━━━━━ Raw data ━━━━━

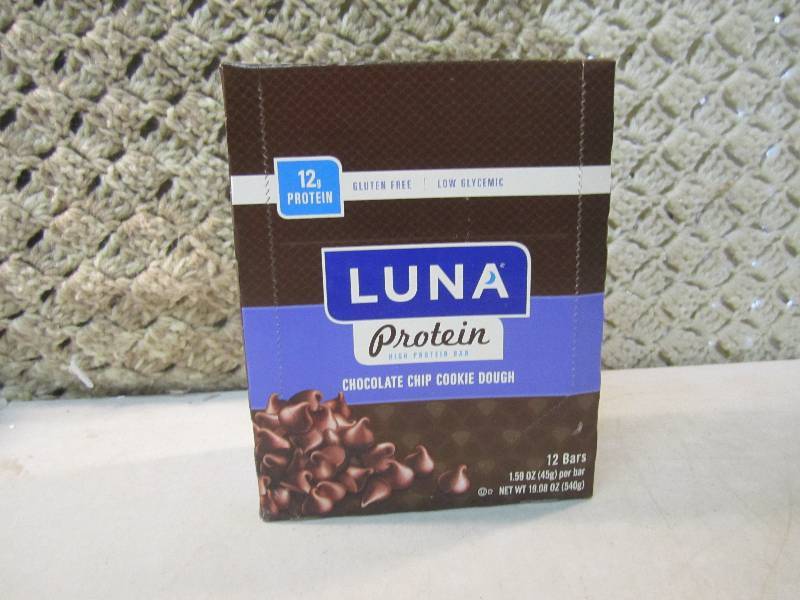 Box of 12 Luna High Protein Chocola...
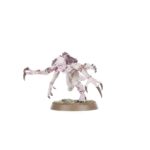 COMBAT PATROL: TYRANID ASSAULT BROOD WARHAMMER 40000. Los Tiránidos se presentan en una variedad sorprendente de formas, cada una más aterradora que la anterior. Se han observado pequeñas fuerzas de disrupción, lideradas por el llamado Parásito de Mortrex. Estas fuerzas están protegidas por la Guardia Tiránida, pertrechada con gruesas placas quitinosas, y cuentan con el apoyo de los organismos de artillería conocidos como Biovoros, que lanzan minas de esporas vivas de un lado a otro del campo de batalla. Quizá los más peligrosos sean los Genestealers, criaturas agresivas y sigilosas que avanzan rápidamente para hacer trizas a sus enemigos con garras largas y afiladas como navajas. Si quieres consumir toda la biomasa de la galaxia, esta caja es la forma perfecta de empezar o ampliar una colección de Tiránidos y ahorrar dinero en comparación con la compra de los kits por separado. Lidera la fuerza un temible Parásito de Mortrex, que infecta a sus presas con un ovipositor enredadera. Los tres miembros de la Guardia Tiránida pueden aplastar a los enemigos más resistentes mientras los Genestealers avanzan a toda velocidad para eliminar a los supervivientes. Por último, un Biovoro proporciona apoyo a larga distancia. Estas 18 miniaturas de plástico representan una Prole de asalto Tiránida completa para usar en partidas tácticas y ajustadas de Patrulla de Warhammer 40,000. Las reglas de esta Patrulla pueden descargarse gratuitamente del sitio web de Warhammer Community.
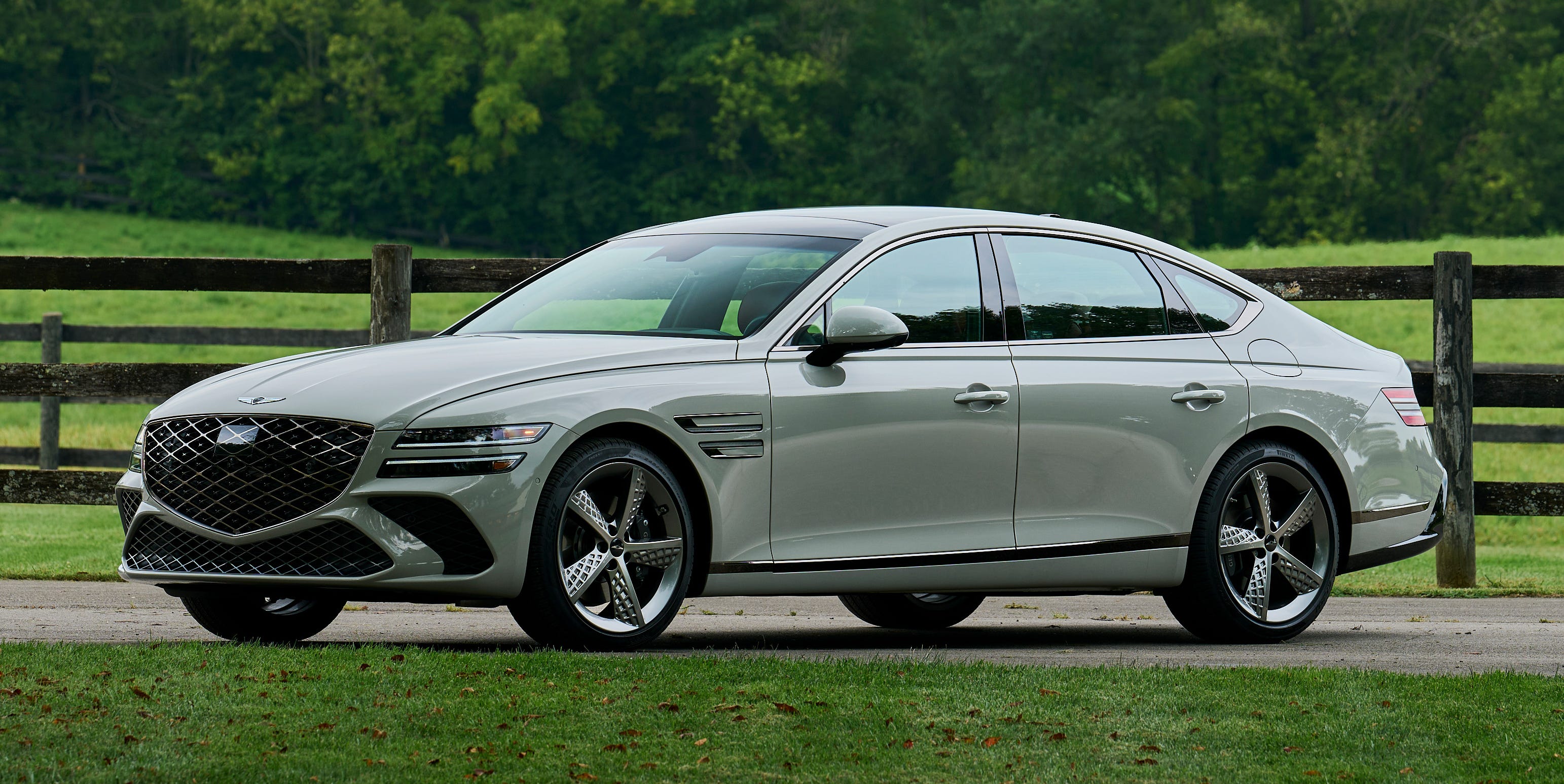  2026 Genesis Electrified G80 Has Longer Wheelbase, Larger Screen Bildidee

━━━━━

◆ **The problem**
Output the data above exactly; pictures do not belong in the copy.

◆ **Solution**
 Box of 12 Luna High Protein Chocola...
 COMBAT PATROL: TYRANID ASSAULT BROOD WARHAMMER 40000. Los Tiránidos se presentan en una variedad sorprendente de formas, cada una más aterradora que la anterior. Se han observado pequeñas fuerzas de disrupción, lideradas por el llamado Parásito de Mortrex. Estas fuerzas están protegidas por la Guardia Tiránida, pertrechada con gruesas placas quitinosas, y cuentan con el apoyo de los organismos de artillería conocidos como Biovoros, que lanzan minas de esporas vivas de un lado a otro del campo de batalla. Quizá los más peligrosos sean los Genestealers, criaturas agresivas y sigilosas que avanzan rápidamente para hacer trizas a sus enemigos con garras largas y afiladas como navajas. Si quieres consumir toda la biomasa de la galaxia, esta caja es la forma perfecta de empezar o ampliar una colección de Tiránidos y ahorrar dinero en comparación con la compra de los kits por separado. Lidera la fuerza un temible Parásito de Mortrex, que infecta a sus presas con un ovipositor enredadera. Los tres miembros de la Guardia Tiránida pueden aplastar a los enemigos más resistentes mientras los Genestealers avanzan a toda velocidad para eliminar a los supervivientes. Por último, un Biovoro proporciona apoyo a larga distancia. Estas 18 miniaturas de plástico representan una Prole de asalto Tiránida completa para usar en partidas tácticas y ajustadas de Patrulla de Warhammer 40,000. Las reglas de esta Patrulla pueden descargarse gratuitamente del sitio web de Warhammer Community.
  2026 Genesis Electrified G80 Has Longer Wheelbase, Larger Screen Bildidee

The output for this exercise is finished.